Jacques Chirac and Gerhard Schroder are emblems of the old Europe and have done incalculable damage not only to their respective relationships with the United States, but also to an institution that can hardly afford further assault, the United Nations.

American public support for President Bush and the war against Saddam Hussein continues to grow - and with it grows public outrage against France for its irresponsible opposition to coalition efforts to liberate Iraq.

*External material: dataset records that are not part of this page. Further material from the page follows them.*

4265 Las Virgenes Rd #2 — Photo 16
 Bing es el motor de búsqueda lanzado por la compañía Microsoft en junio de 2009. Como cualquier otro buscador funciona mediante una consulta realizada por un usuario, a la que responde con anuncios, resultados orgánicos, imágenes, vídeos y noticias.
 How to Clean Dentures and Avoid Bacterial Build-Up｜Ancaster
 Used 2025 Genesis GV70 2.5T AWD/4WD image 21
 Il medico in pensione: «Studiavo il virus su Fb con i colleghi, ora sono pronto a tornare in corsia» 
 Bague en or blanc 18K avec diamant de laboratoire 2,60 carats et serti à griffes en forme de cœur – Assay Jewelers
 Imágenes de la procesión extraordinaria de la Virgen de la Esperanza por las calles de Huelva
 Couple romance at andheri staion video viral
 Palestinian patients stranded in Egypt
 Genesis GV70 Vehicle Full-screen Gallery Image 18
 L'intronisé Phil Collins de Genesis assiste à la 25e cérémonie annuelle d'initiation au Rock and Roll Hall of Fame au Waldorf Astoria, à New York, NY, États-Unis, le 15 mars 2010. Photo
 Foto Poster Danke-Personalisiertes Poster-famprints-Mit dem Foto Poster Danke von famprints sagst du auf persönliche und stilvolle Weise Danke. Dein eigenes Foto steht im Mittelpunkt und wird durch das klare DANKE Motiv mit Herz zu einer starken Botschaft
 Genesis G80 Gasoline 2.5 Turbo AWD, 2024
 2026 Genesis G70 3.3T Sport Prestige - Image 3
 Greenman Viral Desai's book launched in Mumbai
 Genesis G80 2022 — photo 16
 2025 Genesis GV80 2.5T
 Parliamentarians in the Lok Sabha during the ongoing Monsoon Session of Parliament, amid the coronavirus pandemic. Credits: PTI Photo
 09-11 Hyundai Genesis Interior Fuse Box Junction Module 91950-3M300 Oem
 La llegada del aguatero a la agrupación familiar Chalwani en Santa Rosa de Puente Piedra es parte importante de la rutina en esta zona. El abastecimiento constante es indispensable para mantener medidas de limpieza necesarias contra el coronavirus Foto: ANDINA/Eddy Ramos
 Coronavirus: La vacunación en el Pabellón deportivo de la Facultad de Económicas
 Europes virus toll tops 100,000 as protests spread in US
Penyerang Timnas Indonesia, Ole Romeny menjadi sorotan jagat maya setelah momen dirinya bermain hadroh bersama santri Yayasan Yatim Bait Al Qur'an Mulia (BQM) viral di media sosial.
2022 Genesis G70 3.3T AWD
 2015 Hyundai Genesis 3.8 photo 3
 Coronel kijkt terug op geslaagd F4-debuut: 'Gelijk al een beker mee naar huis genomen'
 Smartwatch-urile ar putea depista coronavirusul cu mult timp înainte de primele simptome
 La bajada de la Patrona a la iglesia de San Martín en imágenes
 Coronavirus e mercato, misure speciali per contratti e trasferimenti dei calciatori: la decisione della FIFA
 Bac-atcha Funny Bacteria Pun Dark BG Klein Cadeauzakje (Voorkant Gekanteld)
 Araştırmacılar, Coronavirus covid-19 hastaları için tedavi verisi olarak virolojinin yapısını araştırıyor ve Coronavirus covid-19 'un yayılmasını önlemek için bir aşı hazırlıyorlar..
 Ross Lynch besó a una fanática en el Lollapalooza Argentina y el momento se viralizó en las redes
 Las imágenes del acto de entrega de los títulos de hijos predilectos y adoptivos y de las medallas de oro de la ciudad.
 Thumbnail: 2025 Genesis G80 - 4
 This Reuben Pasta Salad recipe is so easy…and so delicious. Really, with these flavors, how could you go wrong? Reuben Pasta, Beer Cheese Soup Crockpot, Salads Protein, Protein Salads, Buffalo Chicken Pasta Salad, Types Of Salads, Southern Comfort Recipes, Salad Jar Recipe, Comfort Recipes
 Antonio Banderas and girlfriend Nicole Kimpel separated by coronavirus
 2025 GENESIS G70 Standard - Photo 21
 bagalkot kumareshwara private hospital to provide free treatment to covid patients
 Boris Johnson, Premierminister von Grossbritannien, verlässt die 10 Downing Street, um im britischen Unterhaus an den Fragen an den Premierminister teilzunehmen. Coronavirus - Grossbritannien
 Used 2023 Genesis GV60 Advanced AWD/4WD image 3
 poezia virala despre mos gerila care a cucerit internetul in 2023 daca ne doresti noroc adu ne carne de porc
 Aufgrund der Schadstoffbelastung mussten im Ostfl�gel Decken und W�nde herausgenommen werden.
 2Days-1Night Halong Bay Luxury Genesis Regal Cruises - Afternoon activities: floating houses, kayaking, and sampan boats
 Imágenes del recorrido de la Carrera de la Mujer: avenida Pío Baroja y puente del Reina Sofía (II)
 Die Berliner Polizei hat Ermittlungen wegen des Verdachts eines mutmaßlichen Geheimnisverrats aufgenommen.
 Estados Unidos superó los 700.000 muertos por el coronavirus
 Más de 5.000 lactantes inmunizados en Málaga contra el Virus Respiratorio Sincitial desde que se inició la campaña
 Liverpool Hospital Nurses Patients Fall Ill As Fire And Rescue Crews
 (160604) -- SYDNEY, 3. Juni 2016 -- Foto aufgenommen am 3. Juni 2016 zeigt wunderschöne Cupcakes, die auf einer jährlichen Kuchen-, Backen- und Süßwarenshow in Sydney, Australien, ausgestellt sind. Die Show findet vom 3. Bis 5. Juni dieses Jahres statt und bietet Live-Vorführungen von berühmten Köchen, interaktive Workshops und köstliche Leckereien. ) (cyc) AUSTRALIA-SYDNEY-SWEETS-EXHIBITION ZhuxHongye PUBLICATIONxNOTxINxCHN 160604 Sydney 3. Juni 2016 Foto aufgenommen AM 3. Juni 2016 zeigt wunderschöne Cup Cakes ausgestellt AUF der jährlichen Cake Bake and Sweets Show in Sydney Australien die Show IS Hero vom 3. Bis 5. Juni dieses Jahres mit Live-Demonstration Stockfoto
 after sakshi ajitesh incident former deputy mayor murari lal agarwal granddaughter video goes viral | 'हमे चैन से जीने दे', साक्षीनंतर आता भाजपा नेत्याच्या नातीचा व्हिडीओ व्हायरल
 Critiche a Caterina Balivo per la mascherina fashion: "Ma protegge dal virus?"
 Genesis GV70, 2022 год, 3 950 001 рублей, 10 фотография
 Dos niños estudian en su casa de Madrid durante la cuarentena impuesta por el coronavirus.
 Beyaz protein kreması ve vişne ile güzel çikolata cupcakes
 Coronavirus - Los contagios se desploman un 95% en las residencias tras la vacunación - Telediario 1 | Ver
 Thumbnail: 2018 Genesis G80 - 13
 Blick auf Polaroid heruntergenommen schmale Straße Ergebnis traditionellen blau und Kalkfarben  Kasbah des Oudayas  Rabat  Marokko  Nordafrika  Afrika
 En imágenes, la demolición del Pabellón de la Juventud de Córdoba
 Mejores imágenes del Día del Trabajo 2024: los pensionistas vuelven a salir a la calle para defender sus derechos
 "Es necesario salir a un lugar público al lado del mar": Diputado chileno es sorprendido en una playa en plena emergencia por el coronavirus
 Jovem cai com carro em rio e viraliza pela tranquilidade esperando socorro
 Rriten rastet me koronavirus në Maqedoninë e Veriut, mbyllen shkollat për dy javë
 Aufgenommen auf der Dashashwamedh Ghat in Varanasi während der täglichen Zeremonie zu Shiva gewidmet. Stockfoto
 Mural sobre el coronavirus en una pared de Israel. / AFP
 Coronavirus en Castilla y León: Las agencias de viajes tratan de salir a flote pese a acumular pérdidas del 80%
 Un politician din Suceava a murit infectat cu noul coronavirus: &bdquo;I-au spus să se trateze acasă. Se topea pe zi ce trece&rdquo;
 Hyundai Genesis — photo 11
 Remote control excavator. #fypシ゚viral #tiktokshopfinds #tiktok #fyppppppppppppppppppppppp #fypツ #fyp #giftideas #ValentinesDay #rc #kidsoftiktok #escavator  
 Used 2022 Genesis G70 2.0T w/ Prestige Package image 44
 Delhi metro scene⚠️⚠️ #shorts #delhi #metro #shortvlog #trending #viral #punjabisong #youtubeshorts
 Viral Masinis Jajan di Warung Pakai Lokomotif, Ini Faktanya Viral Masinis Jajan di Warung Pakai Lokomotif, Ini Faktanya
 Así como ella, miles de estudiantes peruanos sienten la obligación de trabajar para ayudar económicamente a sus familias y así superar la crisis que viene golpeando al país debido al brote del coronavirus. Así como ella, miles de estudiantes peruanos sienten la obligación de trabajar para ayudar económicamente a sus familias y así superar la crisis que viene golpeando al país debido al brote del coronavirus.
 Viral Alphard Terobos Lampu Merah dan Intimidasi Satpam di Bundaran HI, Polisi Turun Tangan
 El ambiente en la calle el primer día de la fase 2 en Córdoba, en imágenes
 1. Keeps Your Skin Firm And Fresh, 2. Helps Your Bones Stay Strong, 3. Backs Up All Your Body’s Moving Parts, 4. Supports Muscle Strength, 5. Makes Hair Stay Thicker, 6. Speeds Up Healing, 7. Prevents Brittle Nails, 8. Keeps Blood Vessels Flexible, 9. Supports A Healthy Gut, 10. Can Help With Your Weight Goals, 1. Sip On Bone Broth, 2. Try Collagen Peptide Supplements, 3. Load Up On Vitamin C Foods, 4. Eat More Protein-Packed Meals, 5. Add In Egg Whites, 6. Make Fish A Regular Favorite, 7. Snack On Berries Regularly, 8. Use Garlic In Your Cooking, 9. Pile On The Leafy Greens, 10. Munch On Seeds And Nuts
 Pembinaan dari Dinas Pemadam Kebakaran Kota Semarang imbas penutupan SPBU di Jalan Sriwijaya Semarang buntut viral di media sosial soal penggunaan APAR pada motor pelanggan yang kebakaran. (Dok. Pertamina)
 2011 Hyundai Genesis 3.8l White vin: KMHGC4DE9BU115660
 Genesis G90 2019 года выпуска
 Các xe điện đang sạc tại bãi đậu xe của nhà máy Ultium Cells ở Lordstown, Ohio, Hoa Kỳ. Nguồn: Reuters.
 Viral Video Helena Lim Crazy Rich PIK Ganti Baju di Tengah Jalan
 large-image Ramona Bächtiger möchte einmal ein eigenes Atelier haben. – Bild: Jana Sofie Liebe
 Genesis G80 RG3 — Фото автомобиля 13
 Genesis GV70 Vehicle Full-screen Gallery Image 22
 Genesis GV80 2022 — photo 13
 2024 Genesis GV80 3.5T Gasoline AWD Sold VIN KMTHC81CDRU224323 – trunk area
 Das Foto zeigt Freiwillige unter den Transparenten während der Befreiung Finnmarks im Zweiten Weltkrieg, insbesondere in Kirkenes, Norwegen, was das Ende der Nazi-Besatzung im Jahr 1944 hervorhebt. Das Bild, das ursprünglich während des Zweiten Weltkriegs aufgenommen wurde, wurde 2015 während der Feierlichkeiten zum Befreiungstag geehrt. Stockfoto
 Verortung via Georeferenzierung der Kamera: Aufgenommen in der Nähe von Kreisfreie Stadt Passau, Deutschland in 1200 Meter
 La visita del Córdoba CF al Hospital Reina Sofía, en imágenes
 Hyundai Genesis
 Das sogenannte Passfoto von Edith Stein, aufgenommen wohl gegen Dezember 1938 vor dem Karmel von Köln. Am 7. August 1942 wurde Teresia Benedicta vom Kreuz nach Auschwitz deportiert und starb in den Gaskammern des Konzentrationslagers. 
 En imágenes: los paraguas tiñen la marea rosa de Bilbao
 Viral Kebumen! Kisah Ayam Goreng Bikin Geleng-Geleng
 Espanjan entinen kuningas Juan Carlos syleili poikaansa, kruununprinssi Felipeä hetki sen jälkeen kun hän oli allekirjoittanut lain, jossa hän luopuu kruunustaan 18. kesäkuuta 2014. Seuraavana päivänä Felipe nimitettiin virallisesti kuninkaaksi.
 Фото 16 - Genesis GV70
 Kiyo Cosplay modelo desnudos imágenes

Chirac's recklessness could have severe geopolitical and economic repercussions. France's economy is now growing at its slowest rate in six years, and its unemployment rate now approaches 10 percent -, hardly the picture of economic health. The French sell us almost $10 billion more in products than they buy from us, and that $10 billion is now threatened by American consumers who are fed up with France's callow opposition to U.S. policy and its de facto embrace of Saddam Hussein's regime of terror and oppression.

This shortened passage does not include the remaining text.